When I first walked into “Turn the Page: The First Ten Years of Hi-Fructose,” I was taken back by the “Maddest Hatter,” an installation created by Mark Dean Veca. I had previously seen pictures of Veca’s installation on Hi-Fructose’s website and knew a little background on the installation. I had read that Veca did a whole new installation for the Crocker Museum. The installation’s colors pop out and transport viewers to a new world. I felt as though I was not even in a museum. The sensation of being in another world is done so by the interaction the audience has with the installation, which includes the use of beanbag chairs on the ground. Like Veca’s installation, the beanbag chairs are white and bubbly, inviting the audience to become part of Veca’s work by sitting and chatting with friends, or by relaxing and enjoying Veca’s work.

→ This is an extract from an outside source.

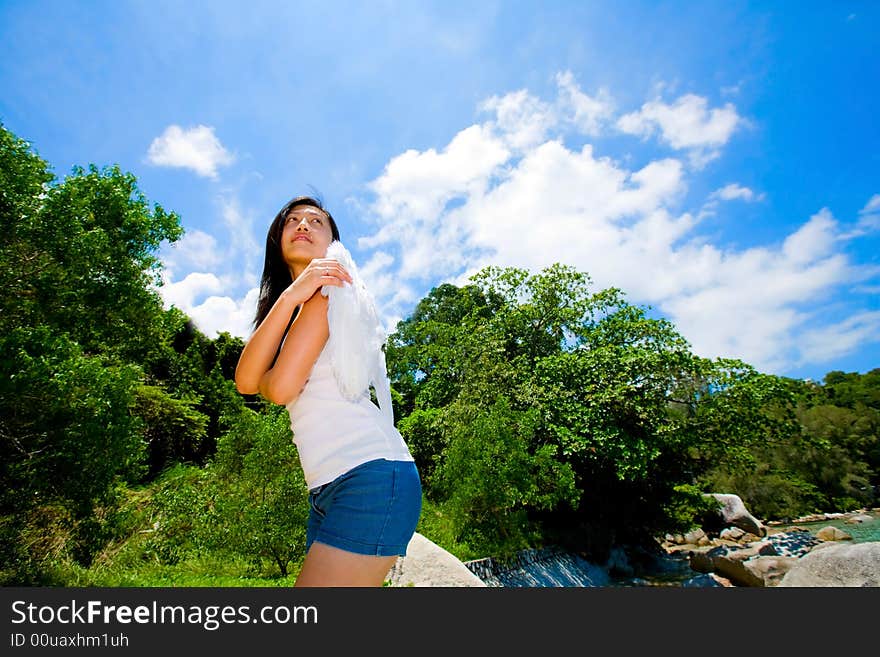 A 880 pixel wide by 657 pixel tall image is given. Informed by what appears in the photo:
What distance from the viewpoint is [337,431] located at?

Mark Dean Veca Maddest Hatter (2017), installation at Crocker Museum.
To the left of the room was the rest of the exhibition and, just like the previous room, it felt as though I had been transported somewhere else. The walls were alive with contemporary works. The use of dim lights in the room allowed the colors and characters in each piece of work to playfully pop out. The whole atmosphere in the room was playful and keeps the audience attentive.
Hi-Fructose Curators Alison Byrne and Heather Hakimzadeh did an amazing job selecting the fifty-one artists throughout the Hi-Fructose volumes; all of the featured works aesthetically complement one another, yet the underlying concepts vary for each work.
Brian Dettmer (b.1974), one of the artists featured in “Turn the Page: The First Ten Years,” uses old books to create his works by hollowing out the insides of the books and “revealing the illustrations buried within the texts.” Another artist, Gehard Demetz (b.1972), uses woods carvings to create his sculptures, using religion as a theme and creating a sinister outlook on the human race. Demetz outlook allows him to make a connection with the audience by showing the good and bad side that we all hold within us. He uses the stance of religious saints and the concept of evil of the human race within his titles.
Gehard Demetz, “One Eye Sees, One Eye Serves” 2012. Wood.
Female artists included are California natives Tiffany Bozic (b.1979) and Audrey Kawasaki (b.1982). Bozic draws from her observation at the California Academy of Science in San Francisco, as well as her travels to exotic locations. Bozic takes her observations of nature and combines them with her personal life, incorporating both into her works. Kawasaki (b.1982), who hails from Los Angeles, brings anime-like characters to life, while depicting innocence and sexual desire throughout her works. Her use of neutral and pastel colors, in addition to wood paneling that extends across her works, reflect the traditional Japanese style of woodblock print. Kawasaki puts a contemporary spin on her works by creating life-like characters with eyes that tell stories by boring into the observer.
Kawasaki, Bozic, Dettmer, and Demetz are a few of the artists who pulled me into the exhibition. “Turn the Page: The First Ten Years of Hi-Fructose” is an exhibition all curious people and art-lovers should see considering there is everything from sculptures, painting and certain interactive works as well. Its aesthetic beauty, accompanied by multiple platforms of concept and content are unique. Each visitor will find something that they like within the exhibition. “Turn the Page: The First Ten Years of Hi-Fructose” is a treat to have in Sacramento and will be running until Sept. 17.
From left to right: Brian Dettmer Log 2, (2007) altered book. Top right: Gehard Demetz How Do You Feed Spirits? (2012) limewood and acrylic paint. Middle right: Tiffany Bozic Metronome (2007) acrylic on maple panel. Bottom right: Audrey Kawasaki It Was You (2014) oil and graphite on wood.
Where: Crocker Art Museum “Hi-Fructose: The First Ten Years” is running until September 17th 2017.
Some more great work from the show: Beth Cavener, “Trapped” 2015. Stoneware, paint, 18 k gold, rope, wood.
Tara McPherson, “Wandering Luminations” 2013. Oil on Linen.
_Jennybird Alcantara, “Creatures of Saintly Disguise” 2012. Oil on wood.